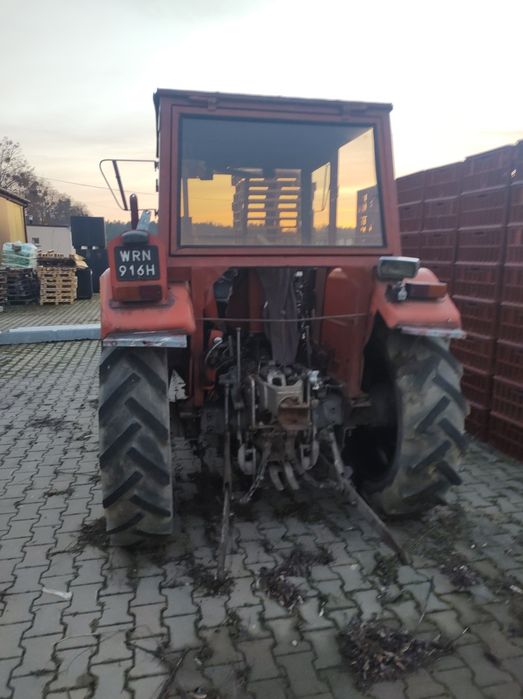 Ciągnik rolniczy MF255 z turem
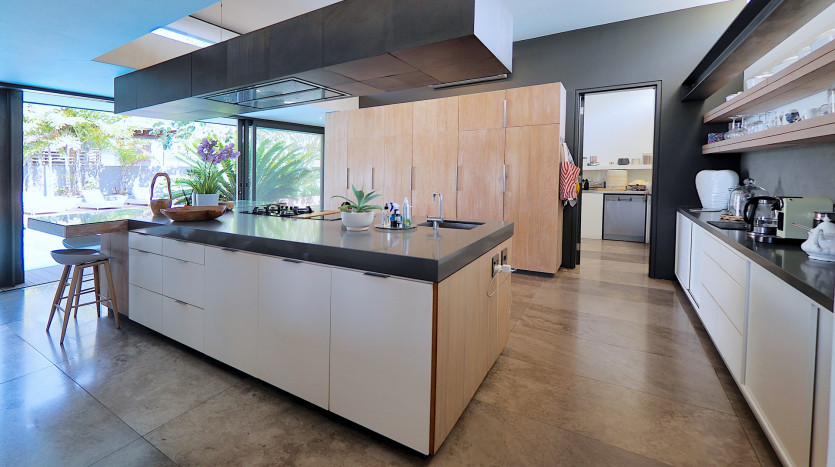 Prestigious Hawaan Forest Home with Indian Ocean Views Property Images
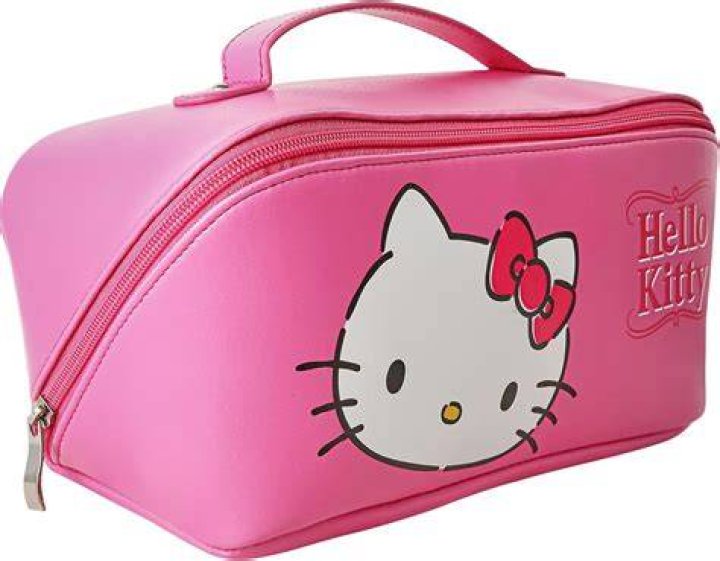 A World Of Cuteness: The Hello Kitty Makeup Bag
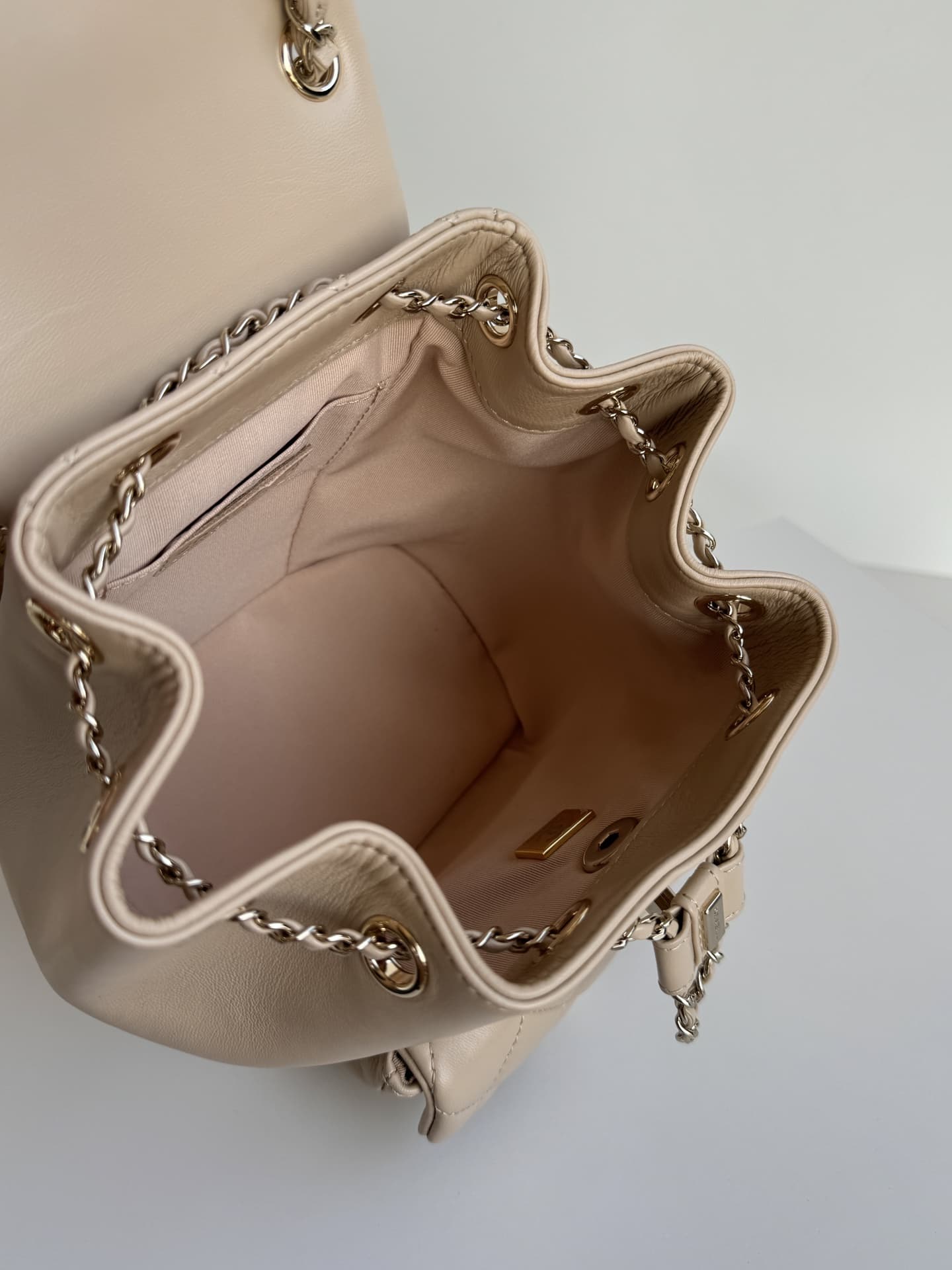 Chanel BACKPACK Lambskin LB1252 (4)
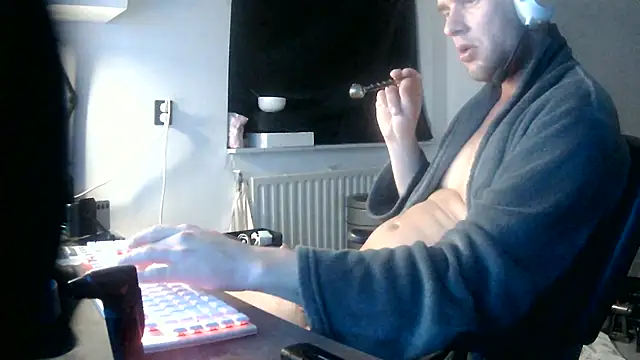 monty19cm online show from April 2026 03:21:01 AM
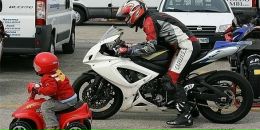 Дініс Олійник фотография #36 (источник - https://vk.com/id18462280)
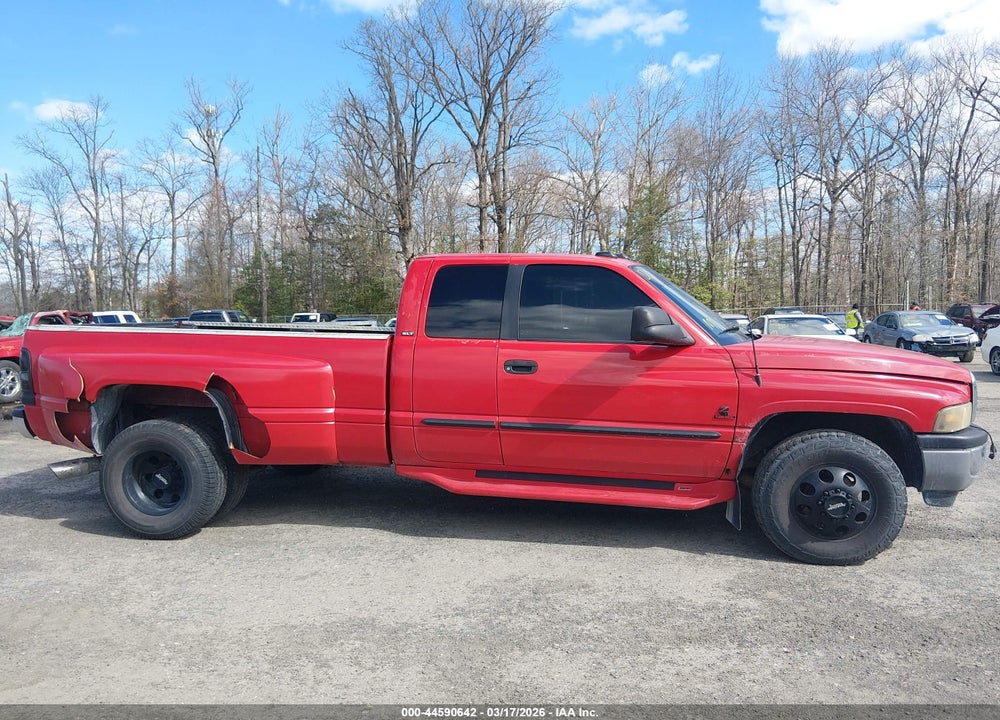 2001 DODGE RAM 3500 ST VIN: 1B7MC33671J502235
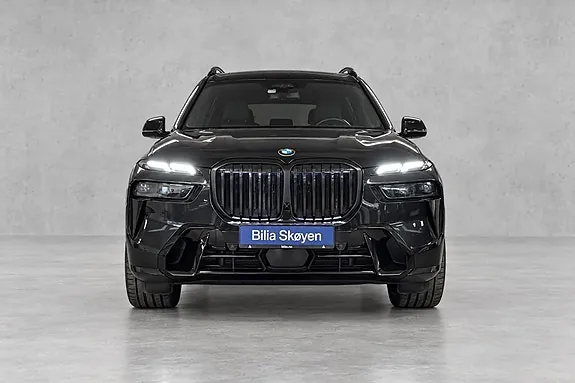 BMW X7 2024 photo 2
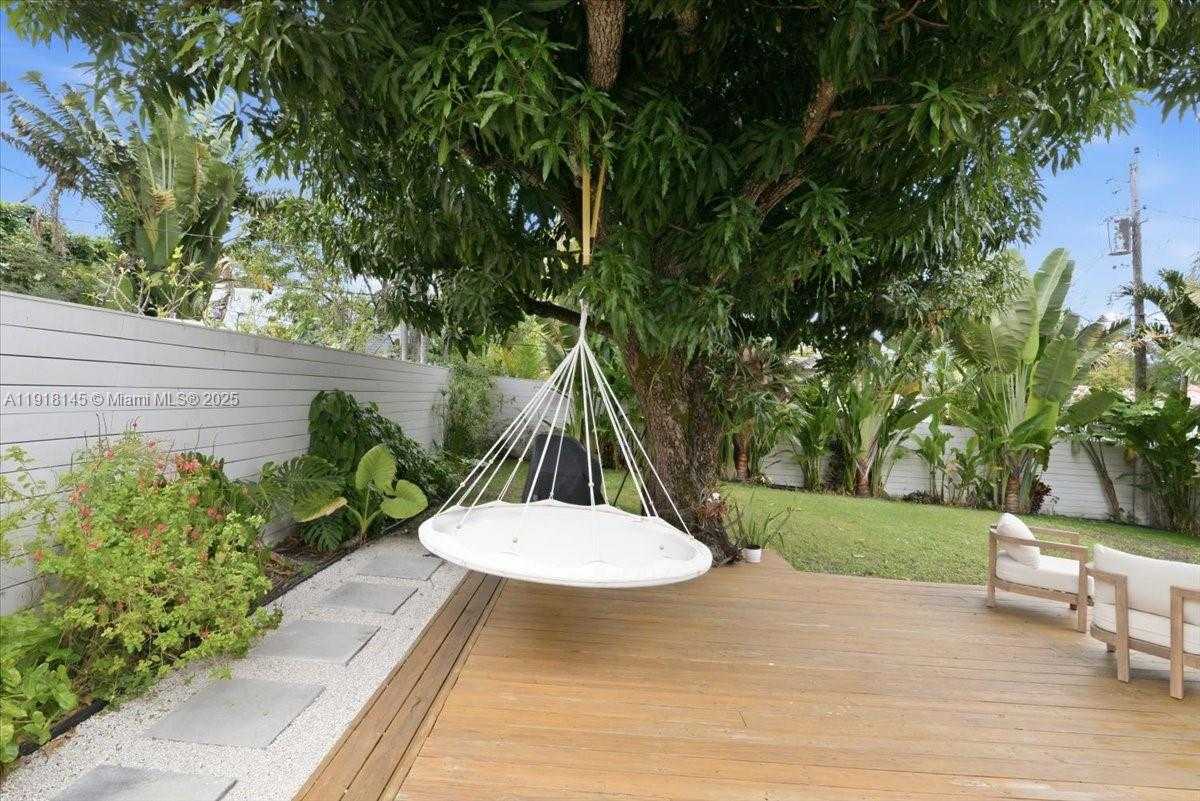 Small Image of 753 NORTH EAST 82ND TER, Miami Number 39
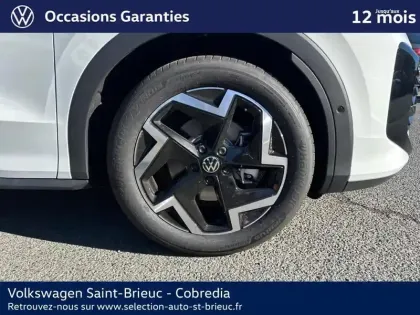 Photo 13 Volkswagen T-roc  1.5 eTSI 150ch R-Line DSG7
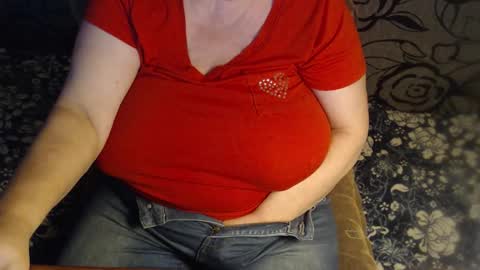 Snapshot of new_milf chatting on 18, 12, 2025 Lilly online show from 18, 12, 2025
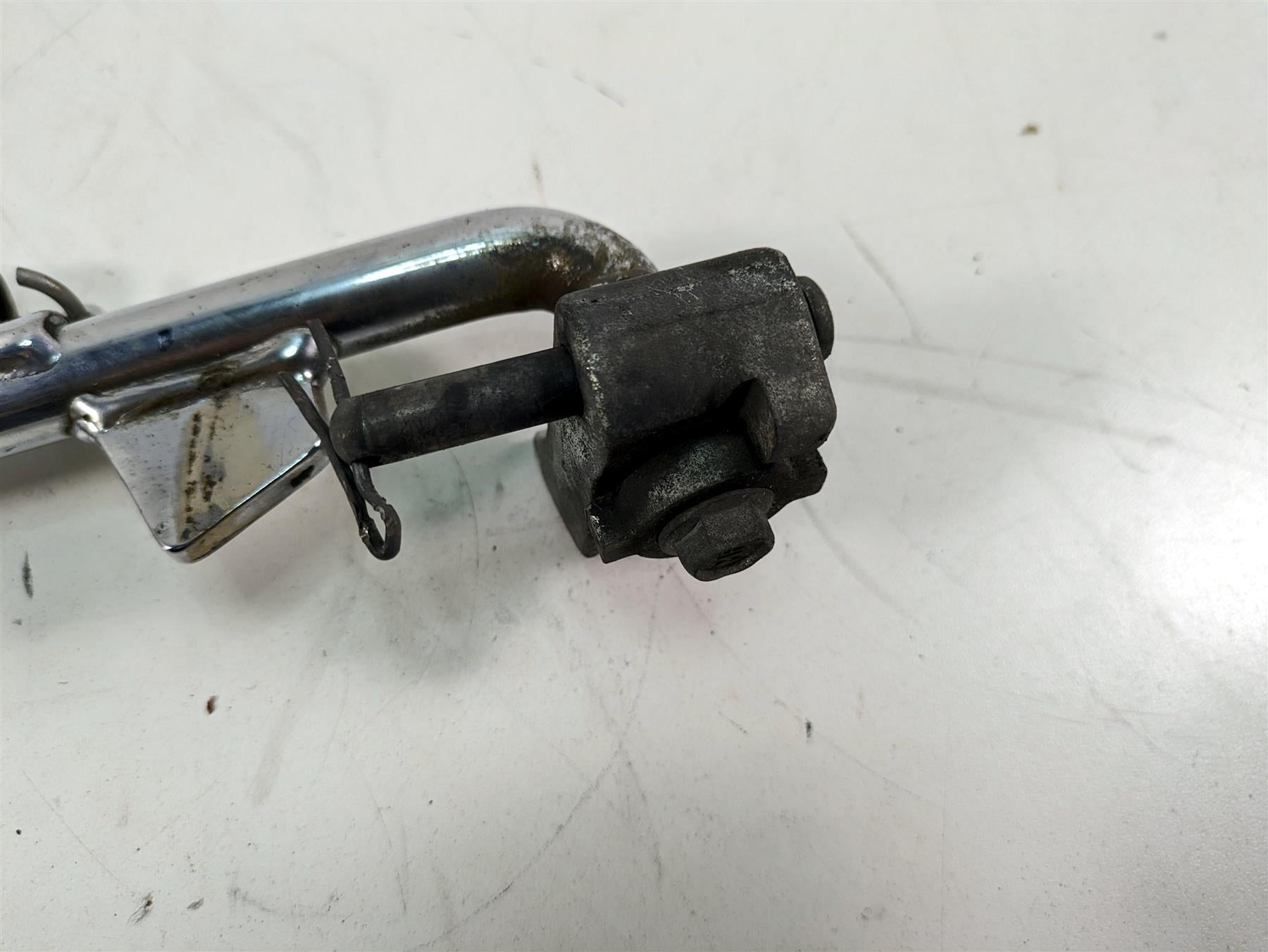 2000 Harley Dyna FXDL Low Rider Side Kickstand Kick Stand & Spring 49704-90H {{ shop.shopifyCountryName }} - Mototech271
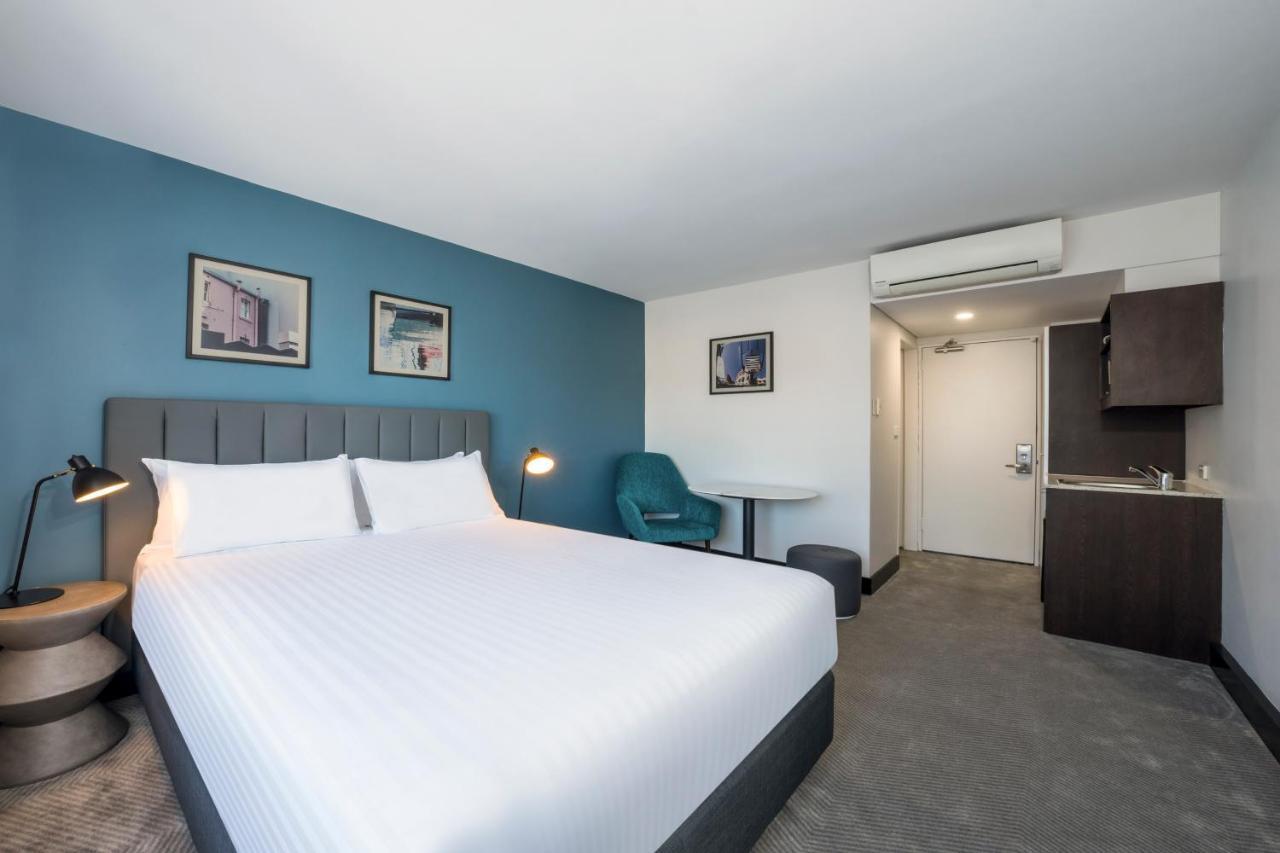 King Room with City View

************

→ Exercise instructions
The expected answer is the lines from the one that has "2000 Harley Dyna" to the end of the listing, transcribed exactly, with pictures left out and no other line added.

→ Answer box
 2000 Harley Dyna FXDL Low Rider Side Kickstand Kick Stand & Spring 49704-90H {{ shop.shopifyCountryName }} - Mototech271
 King Room with City View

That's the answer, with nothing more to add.